■ **Exercise**: Would you copy out only the lines from the one with "Women’s gold chain" to the end of the records, exactly as they stand?

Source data
== Segment start ==

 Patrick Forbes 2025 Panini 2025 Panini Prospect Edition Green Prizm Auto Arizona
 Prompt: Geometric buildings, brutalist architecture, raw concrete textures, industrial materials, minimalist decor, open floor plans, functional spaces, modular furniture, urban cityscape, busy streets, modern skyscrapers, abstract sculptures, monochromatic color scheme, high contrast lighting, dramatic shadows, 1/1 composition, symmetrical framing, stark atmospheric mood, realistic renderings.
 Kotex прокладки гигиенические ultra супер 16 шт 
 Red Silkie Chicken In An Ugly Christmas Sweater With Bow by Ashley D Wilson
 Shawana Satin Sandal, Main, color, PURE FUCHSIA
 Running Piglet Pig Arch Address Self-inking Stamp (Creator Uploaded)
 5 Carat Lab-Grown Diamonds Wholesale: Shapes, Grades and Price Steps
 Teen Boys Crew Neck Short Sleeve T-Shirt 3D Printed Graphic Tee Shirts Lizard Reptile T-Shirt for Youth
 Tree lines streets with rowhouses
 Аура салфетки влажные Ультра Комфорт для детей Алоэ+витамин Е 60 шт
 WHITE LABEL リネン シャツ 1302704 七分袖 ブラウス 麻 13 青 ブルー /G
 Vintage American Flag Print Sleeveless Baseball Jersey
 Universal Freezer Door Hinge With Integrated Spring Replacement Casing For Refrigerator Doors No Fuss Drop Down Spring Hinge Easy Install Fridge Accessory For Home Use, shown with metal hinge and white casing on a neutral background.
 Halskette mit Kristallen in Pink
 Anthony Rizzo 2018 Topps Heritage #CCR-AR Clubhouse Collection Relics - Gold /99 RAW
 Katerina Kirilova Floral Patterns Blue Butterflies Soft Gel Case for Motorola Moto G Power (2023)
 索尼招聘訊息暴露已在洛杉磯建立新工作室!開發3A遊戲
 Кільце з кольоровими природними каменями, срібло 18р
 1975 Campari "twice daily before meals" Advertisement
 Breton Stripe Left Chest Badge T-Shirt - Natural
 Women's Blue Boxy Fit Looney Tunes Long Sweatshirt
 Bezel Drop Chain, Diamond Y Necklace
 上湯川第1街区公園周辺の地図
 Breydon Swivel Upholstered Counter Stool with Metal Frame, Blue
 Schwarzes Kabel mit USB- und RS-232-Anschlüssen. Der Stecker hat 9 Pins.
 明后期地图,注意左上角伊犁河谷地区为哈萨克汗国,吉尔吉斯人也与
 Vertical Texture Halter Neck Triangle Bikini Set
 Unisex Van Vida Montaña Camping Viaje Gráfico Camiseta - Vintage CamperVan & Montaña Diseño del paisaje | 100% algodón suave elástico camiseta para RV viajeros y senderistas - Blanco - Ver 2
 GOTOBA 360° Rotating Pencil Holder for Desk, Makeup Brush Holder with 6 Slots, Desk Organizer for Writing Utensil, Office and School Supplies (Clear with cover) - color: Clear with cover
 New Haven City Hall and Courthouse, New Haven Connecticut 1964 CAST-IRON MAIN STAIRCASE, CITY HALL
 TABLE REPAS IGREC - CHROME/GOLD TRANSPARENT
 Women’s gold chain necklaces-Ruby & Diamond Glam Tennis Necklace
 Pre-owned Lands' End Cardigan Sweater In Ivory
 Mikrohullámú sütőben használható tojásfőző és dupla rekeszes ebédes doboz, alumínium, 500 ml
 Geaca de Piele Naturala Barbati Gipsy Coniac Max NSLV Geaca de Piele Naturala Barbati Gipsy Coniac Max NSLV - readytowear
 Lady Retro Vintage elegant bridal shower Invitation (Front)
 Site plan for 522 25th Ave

== Segment end ==

■ **Solution to this problem**:
 Women’s gold chain necklaces-Ruby & Diamond Glam Tennis Necklace
 Pre-owned Lands' End Cardigan Sweater In Ivory
 Mikrohullámú sütőben használható tojásfőző és dupla rekeszes ebédes doboz, alumínium, 500 ml
 Geaca de Piele Naturala Barbati Gipsy Coniac Max NSLV Geaca de Piele Naturala Barbati Gipsy Coniac Max NSLV - readytowear
 Lady Retro Vintage elegant bridal shower Invitation (Front)
 Site plan for 522 25th Ave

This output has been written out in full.